The Budget 2017: What You Need to Know
What does Chancellor Philip Hammond’s budget mean for you, your fleet and the wider fleet automotive industry?
Below we’ve summarised the key points that may impact you.
Fuel duty
The news: Fuel duty for 2018/19 has been frozen.
Action stations: Fleet operators should still be reviewing their long-term fuel strategies as the Chancellor gives with one hand but takes with the other.
As the government strives to crackdown on air pollution, other measures that will impact fuel costs were announced. Read on!
Company car tax
The news: The fight to crackdown on air pollution, as expected, has been taken to diesel motorists. The Chancellor revealed that the diesel car supplement in company car tax will increase by one percentage point. This will mean the benefit-in-kind supplement will rise from 3% to 4% from April 2018.
The Chancellor pointed out in Parliament that this will only affect cars
“No white van man (or woman) will be hit by these measures”
Affected car fleet drivers, however, will now face an additional benefit-in-kind liability while employers will carry additional Class 1A national insurance contributions.
Action stations: This latest move serves to reignite the diesel-versus-petrol debate for car fleet operators. To avoid fleet costs escalating further, organisations will need to review their car policies and reconsider their car choice lists.
Vehicle Excise Duty and BiK
The news: From April 2018 the first year Vehicle Excise Duty (VED) rate for diesel cars that don’t meet the latest (RDE2) standards, will go up by one band.
Next generation cleaner diesels will not face tax increases and it will also only apply to new diesel cars, so existing owners will avoid being penalised.
This levy will fund a new £220million Clean Air Fund to support the implementation of local air quality plans.

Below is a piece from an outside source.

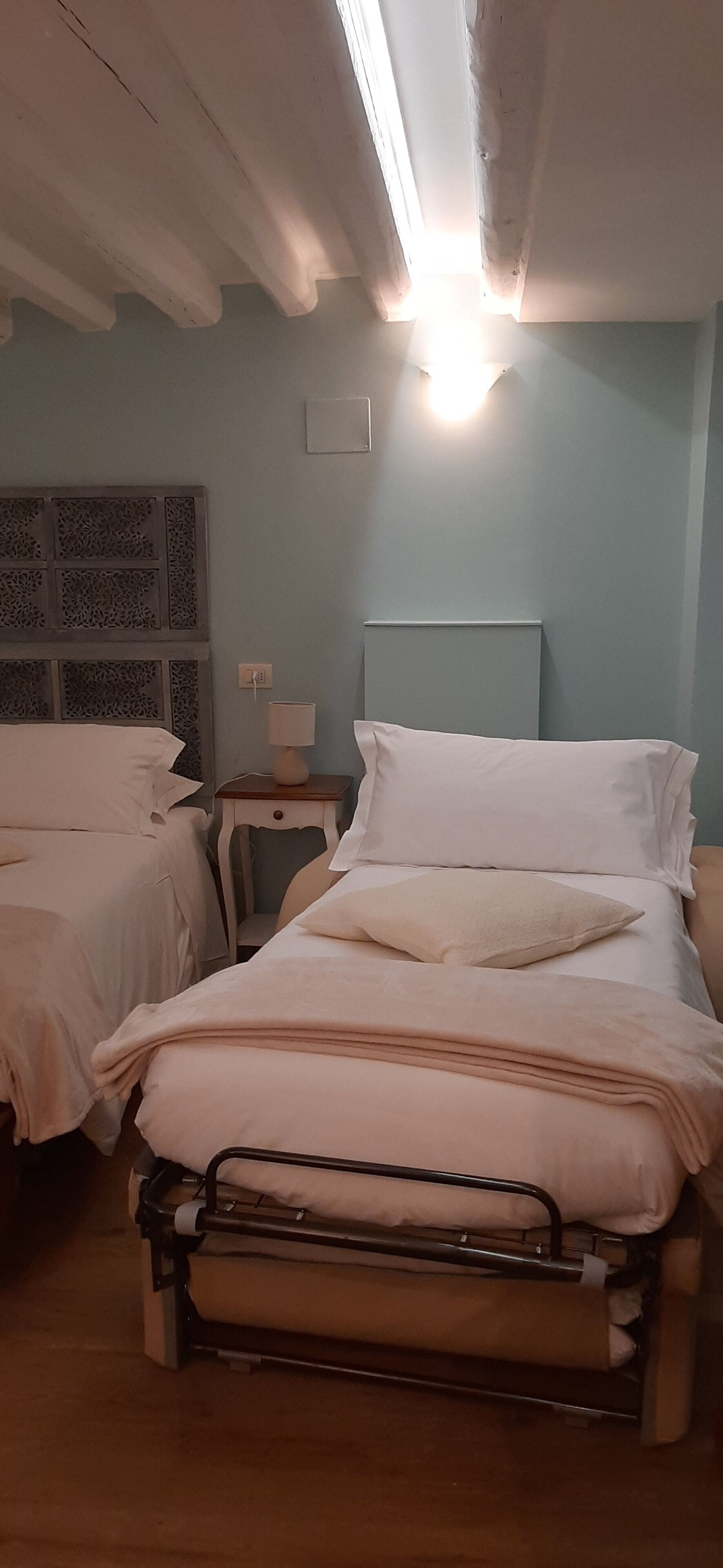 Una habitación de hospital con dos camas, una mesita de noche con una lámpara y una ventana con vistas.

VED rates for cars, vans and motorcycles registered before April 2017 will increase in line with RPI. The Fuel Benefit Charge and the Van Benefit Charge will also increase in line with RPI. The chancellor unveils extra funds and tax incentives for electric car drivers.
Action stations: Once again, a prudent fleet and vehicle replacement policy is called for that takes account of high tax implications for some diesel vehicles
Electric vehicles
The news: “Our future vehicles will be driverless, but they’ll be electric first,” Chancellor Philip Hammond proclaimed.
He has allocated £540 million to support the growth of electric vehicles with £400 million of this going into a new charging infrastructure fund. A further £100 million will be spent on plug-in-car grants, and £40 million has been pledged to research into charging.
Interestingly, electric vehicles charged at work will not incur benefit in kind tax.
Action stations: The move will help drive take-up of electric vehicles and see them gradually becoming a viable alternative to petrol and diesel.
Businesses should watch this space and keep a close eye on developments in the EV market. As the clock ticks, the commercial viability for EVs as part of a business fleet will become increasingly compelling.